== Data provided ==

• • • • • • •

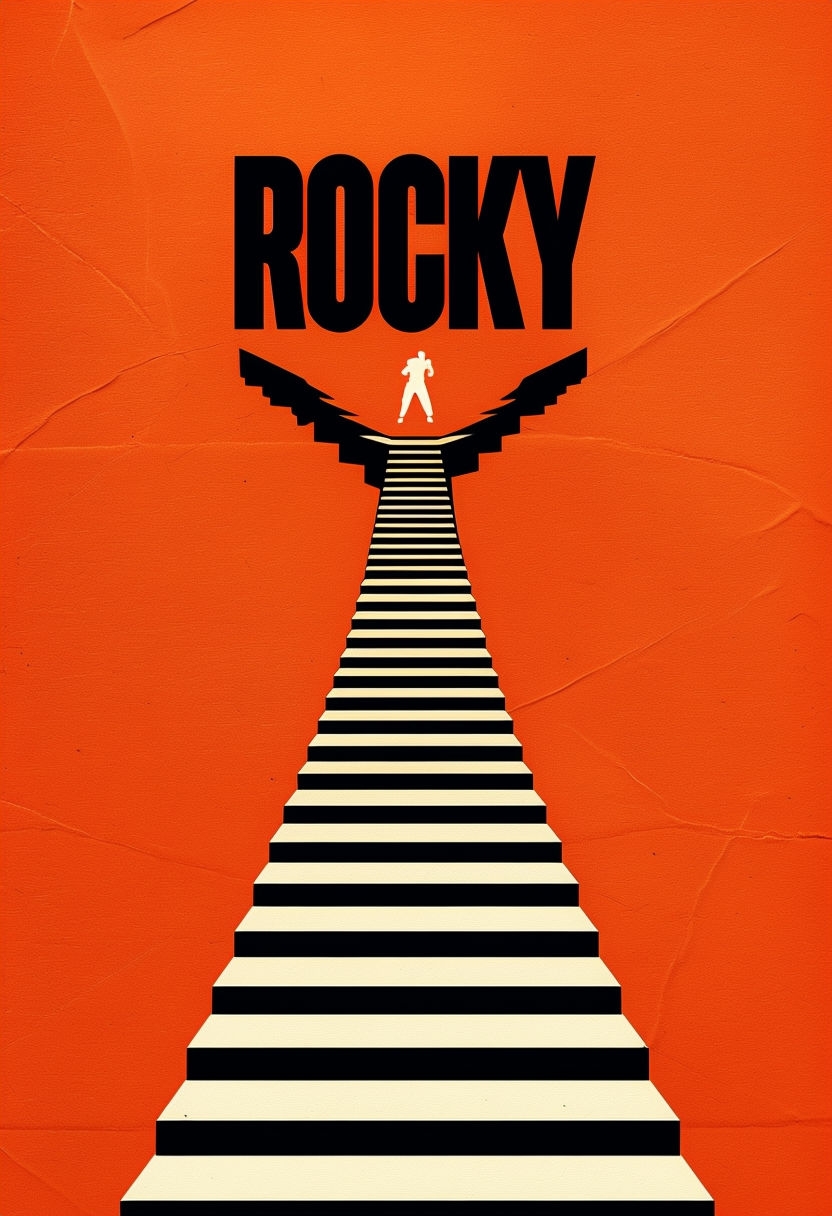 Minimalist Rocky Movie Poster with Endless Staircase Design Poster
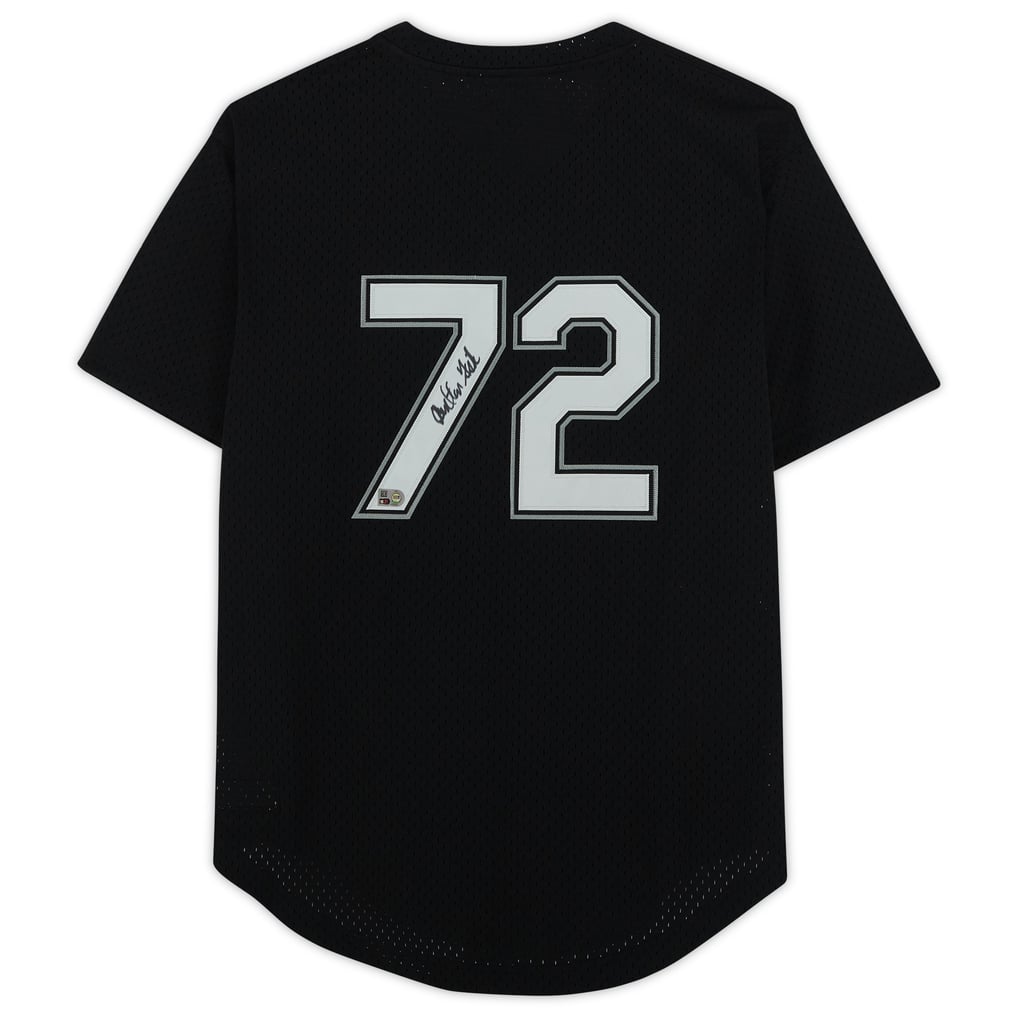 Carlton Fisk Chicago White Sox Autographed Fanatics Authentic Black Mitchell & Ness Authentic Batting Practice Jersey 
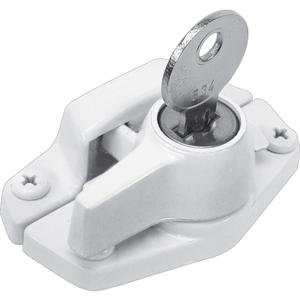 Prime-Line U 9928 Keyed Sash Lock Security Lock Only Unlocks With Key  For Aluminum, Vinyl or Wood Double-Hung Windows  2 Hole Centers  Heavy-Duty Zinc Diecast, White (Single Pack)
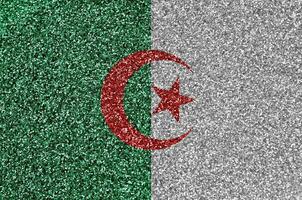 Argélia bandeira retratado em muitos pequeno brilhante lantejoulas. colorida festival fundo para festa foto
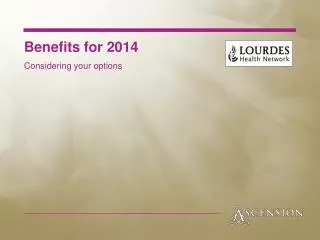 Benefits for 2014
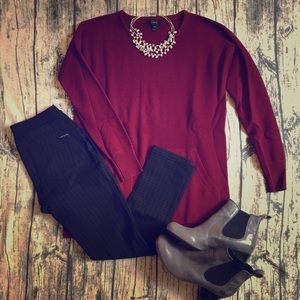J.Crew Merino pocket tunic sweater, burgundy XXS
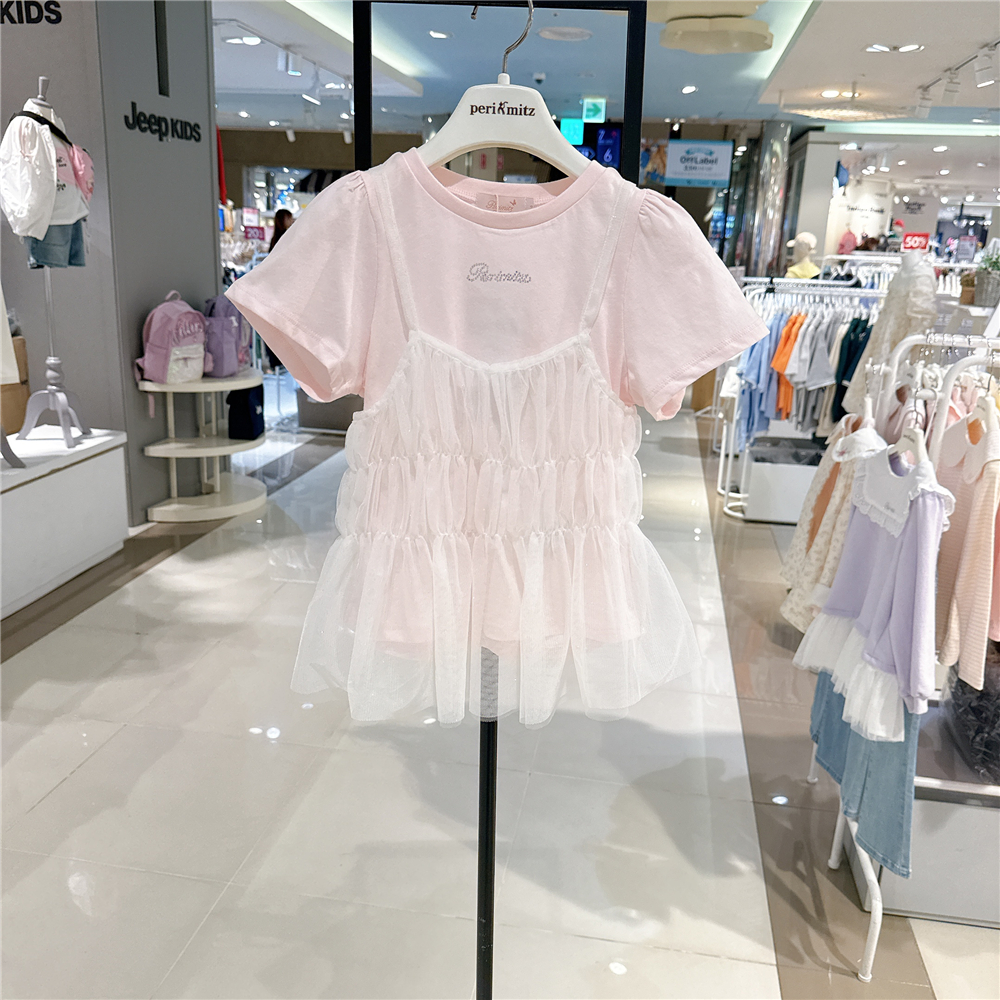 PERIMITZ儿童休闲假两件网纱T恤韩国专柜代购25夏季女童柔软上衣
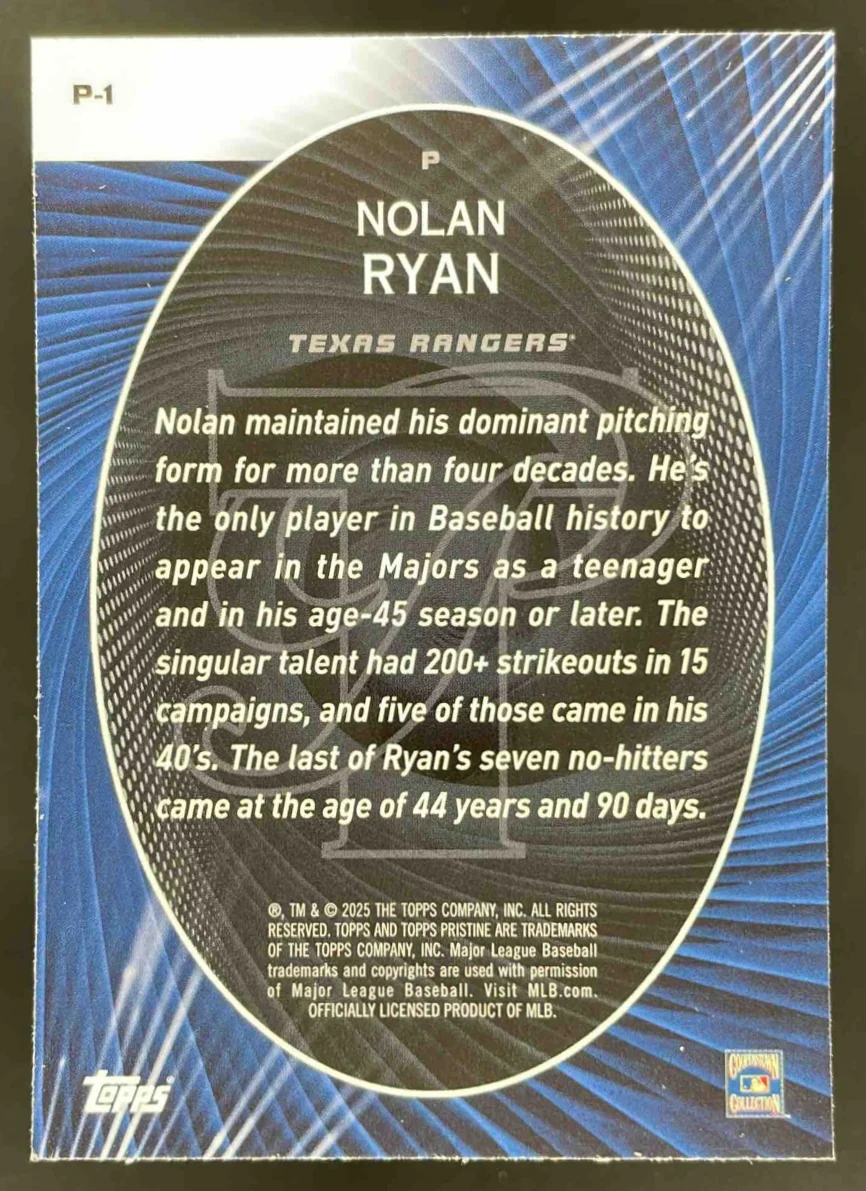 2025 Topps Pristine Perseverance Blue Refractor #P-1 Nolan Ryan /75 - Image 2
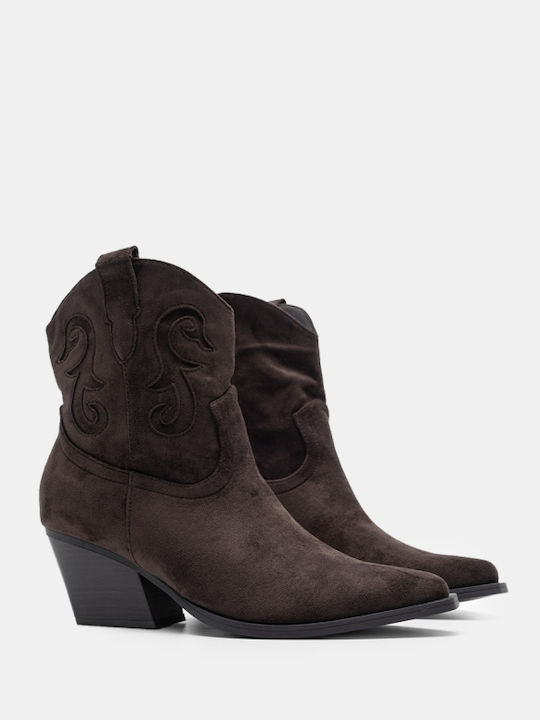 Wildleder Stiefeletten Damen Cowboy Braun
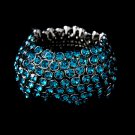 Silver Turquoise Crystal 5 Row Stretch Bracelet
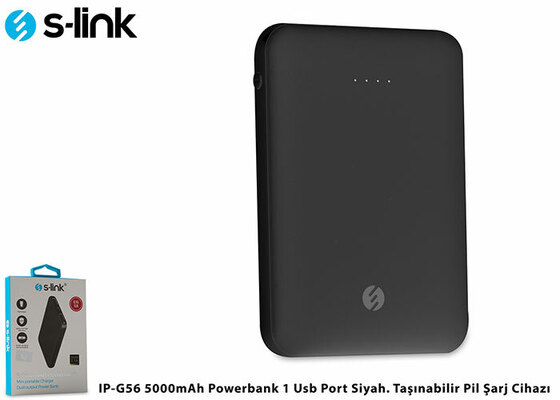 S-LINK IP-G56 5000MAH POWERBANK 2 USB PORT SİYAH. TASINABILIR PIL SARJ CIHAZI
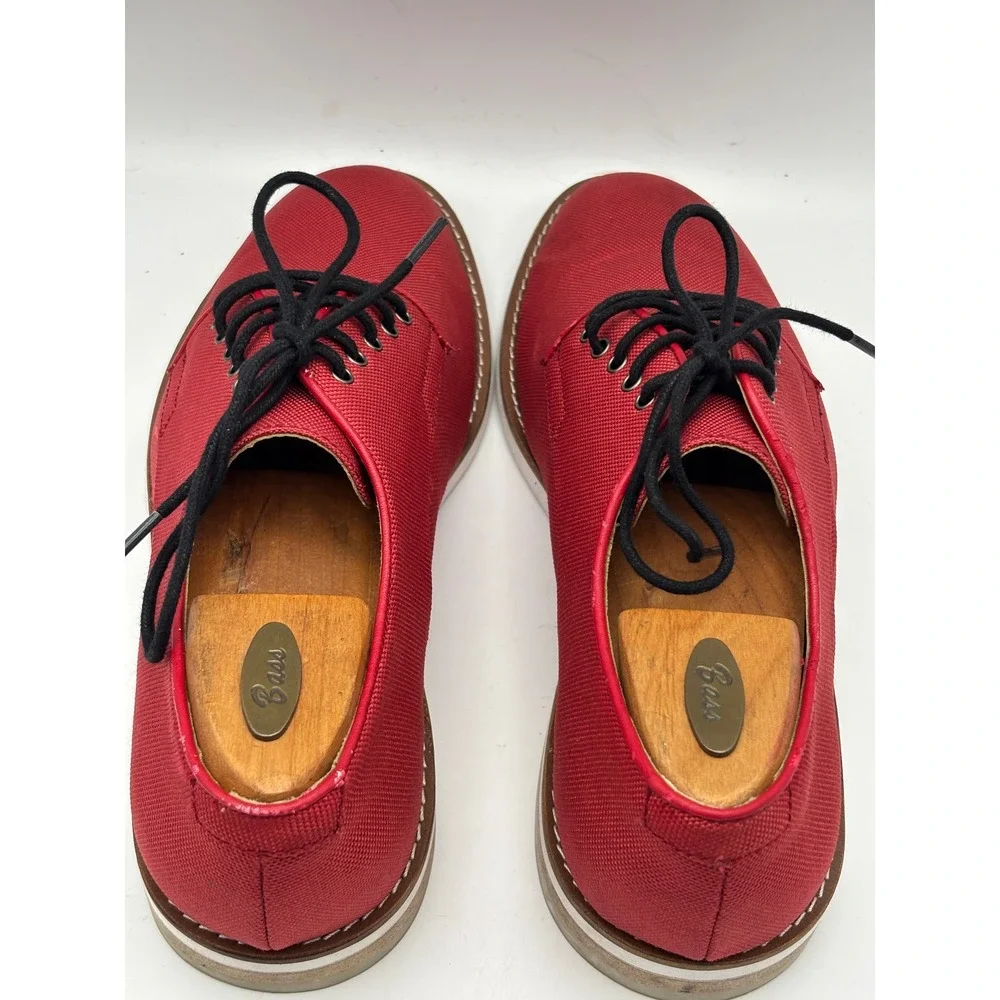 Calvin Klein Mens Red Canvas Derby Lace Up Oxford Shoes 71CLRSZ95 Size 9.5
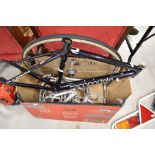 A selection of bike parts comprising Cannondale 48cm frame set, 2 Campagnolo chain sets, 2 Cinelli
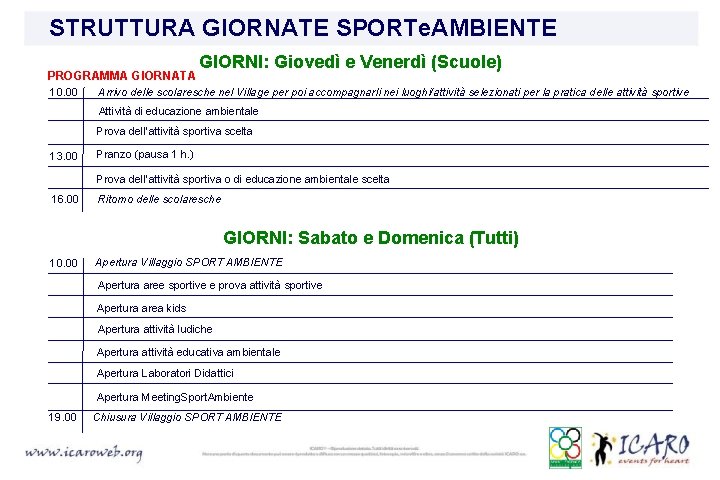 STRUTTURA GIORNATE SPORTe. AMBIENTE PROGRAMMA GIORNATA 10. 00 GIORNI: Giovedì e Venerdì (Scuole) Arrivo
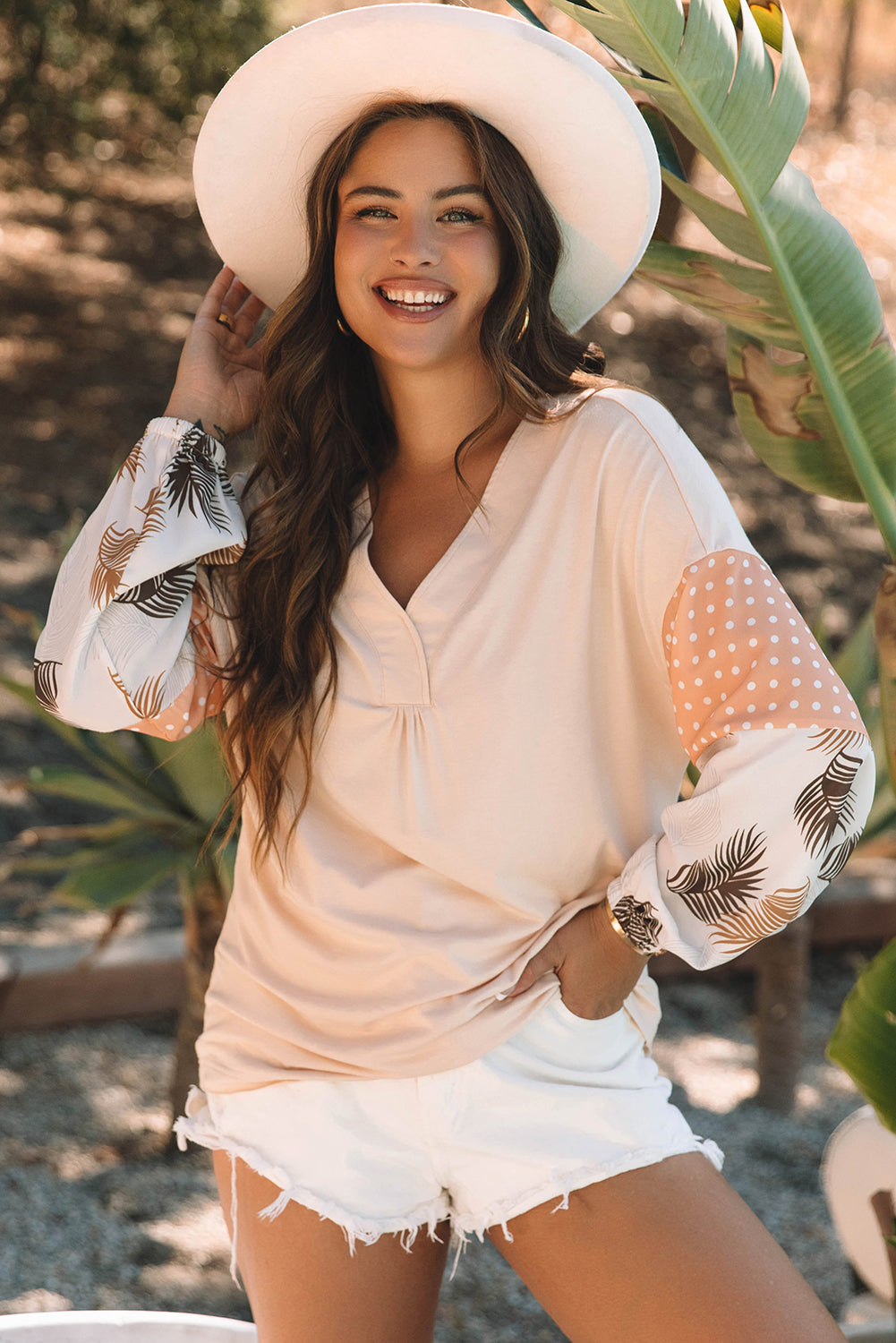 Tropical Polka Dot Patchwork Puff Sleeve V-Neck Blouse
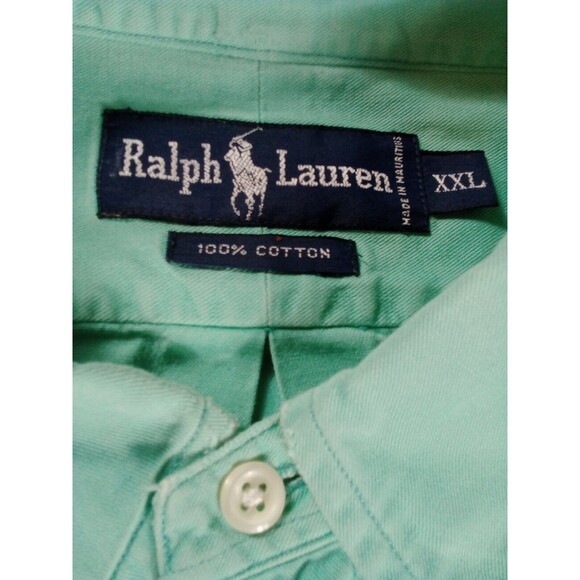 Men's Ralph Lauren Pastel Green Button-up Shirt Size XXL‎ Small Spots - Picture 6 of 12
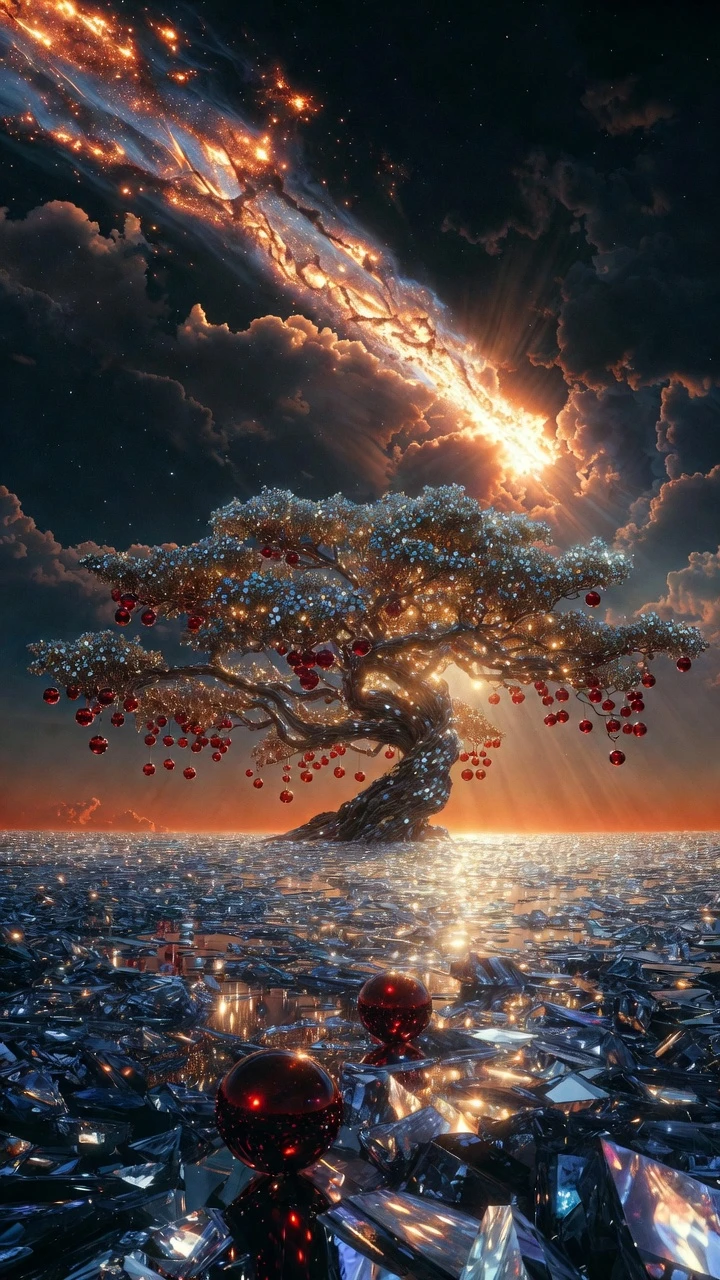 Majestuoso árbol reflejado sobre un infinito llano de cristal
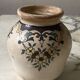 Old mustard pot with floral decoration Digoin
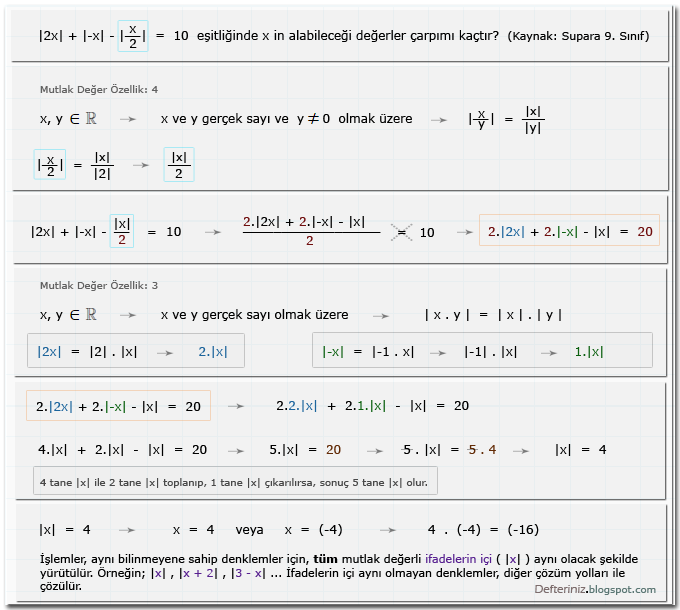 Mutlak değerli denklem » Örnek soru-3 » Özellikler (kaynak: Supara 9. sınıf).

• • • • • • •

== Task prompt ==
Your copy should run from the line that has "Carlton Fisk Chicago" through the last line above, exactly, with both ends in and pictures out.

== Response below ==
 Carlton Fisk Chicago White Sox Autographed Fanatics Authentic Black Mitchell & Ness Authentic Batting Practice Jersey 
 Prime-Line U 9928 Keyed Sash Lock Security Lock Only Unlocks With Key  For Aluminum, Vinyl or Wood Double-Hung Windows  2 Hole Centers  Heavy-Duty Zinc Diecast, White (Single Pack)
 Argélia bandeira retratado em muitos pequeno brilhante lantejoulas. colorida festival fundo para festa foto
 Benefits for 2014
J.Crew Merino pocket tunic sweater, burgundy XXS
 PERIMITZ儿童休闲假两件网纱T恤韩国专柜代购25夏季女童柔软上衣
 2025 Topps Pristine Perseverance Blue Refractor #P-1 Nolan Ryan /75 - Image 2
 Wildleder Stiefeletten Damen Cowboy Braun
 Silver Turquoise Crystal 5 Row Stretch Bracelet
 S-LINK IP-G56 5000MAH POWERBANK 2 USB PORT SİYAH. TASINABILIR PIL SARJ CIHAZI
 Calvin Klein Mens Red Canvas Derby Lace Up Oxford Shoes 71CLRSZ95 Size 9.5
 A selection of bike parts comprising Cannondale 48cm frame set, 2 Campagnolo chain sets, 2 Cinelli
 STRUTTURA GIORNATE SPORTe. AMBIENTE PROGRAMMA GIORNATA 10. 00 GIORNI: Giovedì e Venerdì (Scuole) Arrivo
 Tropical Polka Dot Patchwork Puff Sleeve V-Neck Blouse
 Men's Ralph Lauren Pastel Green Button-up Shirt Size XXL‎ Small Spots - Picture 6 of 12
 Majestuoso árbol reflejado sobre un infinito llano de cristal
 Old mustard pot with floral decoration Digoin
 Mutlak değerli denklem » Örnek soru-3 » Özellikler (kaynak: Supara 9. sınıf).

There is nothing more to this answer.